Effective cost control in T&E depends less on how strict the rules are and more on where enforcement happens in the workflow. Rules buried in policy documents rarely change behavior; rules embedded in the booking flow do.

Policy enforcement at the point of spend

The most durable cost control catches variance before spend is committed. When a booking tool applies corporate travel policy rules at the point of search, flagging out-of-policy options and surfacing in-policy alternatives, the organization controls cost without relying on post-trip audits. Navan's policy engine applies spending rules during booking so travelers see compliant options by default. Exceptions require explicit justification, which creates a documented trail without slowing the booking process.

The real cost of delayed expense reporting

Delayed expense tracking undermines cost control in two ways: finance teams lose visibility until reports arrive, and employees lose the detail that helps explain purchases accurately. According to the Skift & Navan State of Corporate Travel & Expense 2026 report, 71% of travelers spend more than 30 minutes filing a single expense report [2]. That delay means transactions stay invisible to finance for days or weeks after a trip ends.

Automation changes the equation significantly. Forrester Consulting analysis commissioned by Navan modeled an 80% reduction in expense submission time when bookings, receipt capture, and policy checks operate as one automated workflow [3]. Navan connects corporate card data, receipt scans, and booking records so expense submissions reflect accurate context from the day of purchase, not reconstructed detail filed days later.

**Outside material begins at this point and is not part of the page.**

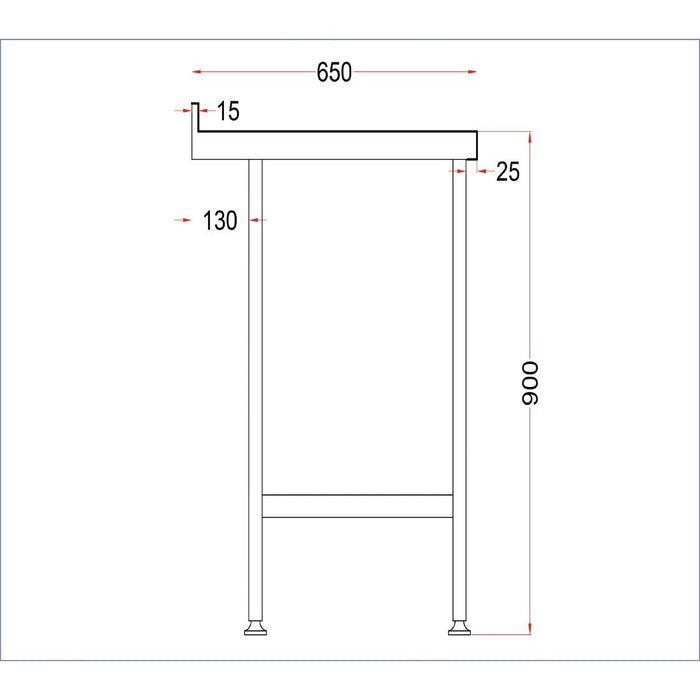 Vogue Stainless Wall Table with Upstand 1800mm Vogue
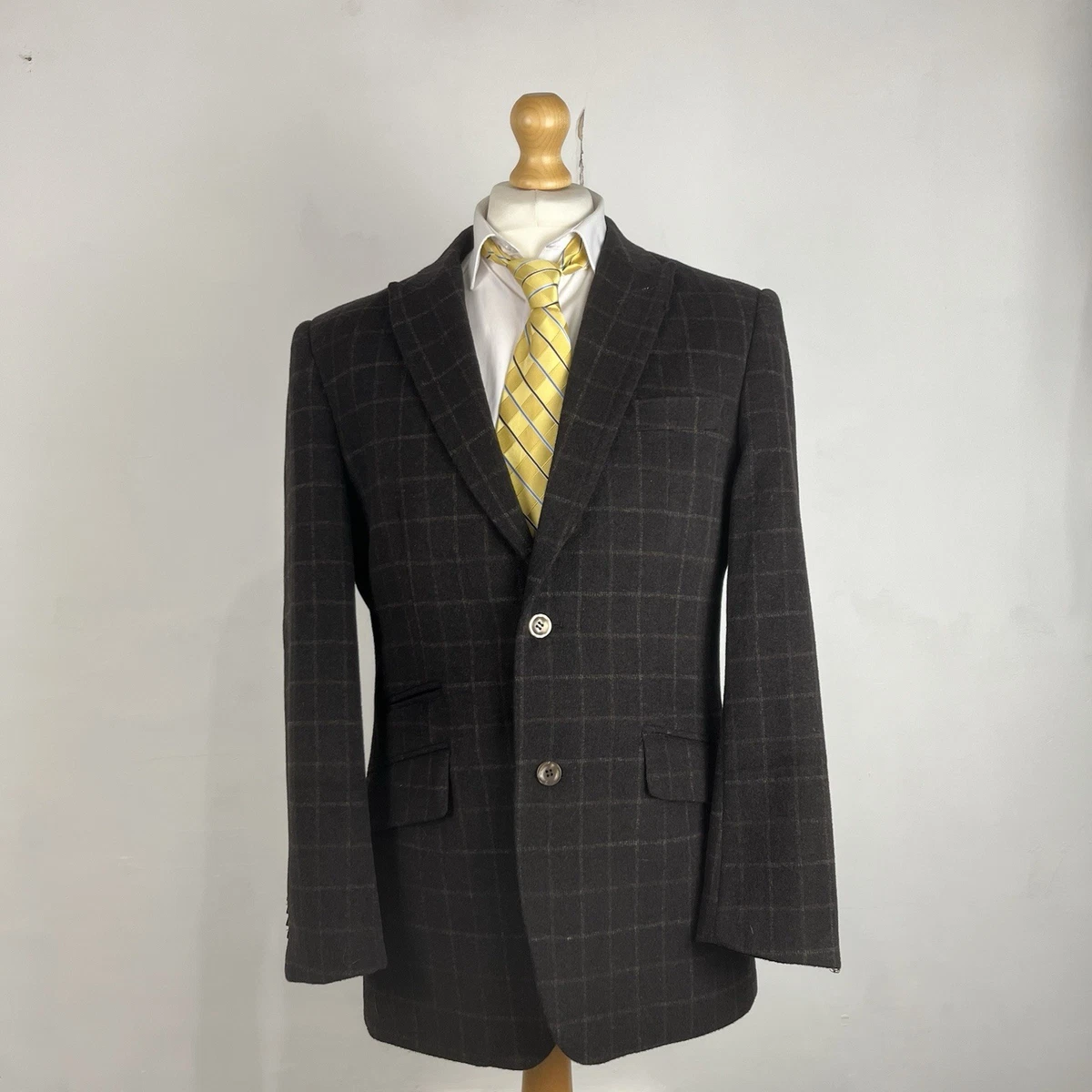 Veste Blazer Homme William Hunt Laine – Taille 38 Marron Carreaux – Occasion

When should you revisit your cost control approach?

Cost control frameworks need revisiting when business conditions change. A company reorganizing departments, entering a new market, or adjusting headcount needs updated budget allocations, revised category policies, and new approval thresholds. Static rules applied to a changed cost structure produce both false compliance signals and genuine overruns.

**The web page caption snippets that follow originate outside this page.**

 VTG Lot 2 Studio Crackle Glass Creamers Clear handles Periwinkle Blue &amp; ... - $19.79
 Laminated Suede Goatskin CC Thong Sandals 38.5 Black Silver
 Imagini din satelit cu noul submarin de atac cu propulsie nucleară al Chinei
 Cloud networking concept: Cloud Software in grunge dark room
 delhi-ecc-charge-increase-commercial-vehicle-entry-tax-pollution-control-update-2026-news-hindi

Organizations facing heightened T&E budget pressure in 2025 are restructuring cost control frameworks rather than applying blanket travel cuts. GBTA data projects global business travel spending at $1.57 trillion by end of 2025 [1], with price stabilization creating a window for policy-driven savings rather than volume reduction. Cutting trips without improving enforcement often shifts spend patterns without reducing total cost: travelers find paths around weak controls, typically by expensing more under categories with looser limits.

Learning how to reduce business travel costs without reducing traveler adoption requires the same infrastructure: real-time visibility, pre-committed policy enforcement, and clean data that supports variance analysis across categories and departments.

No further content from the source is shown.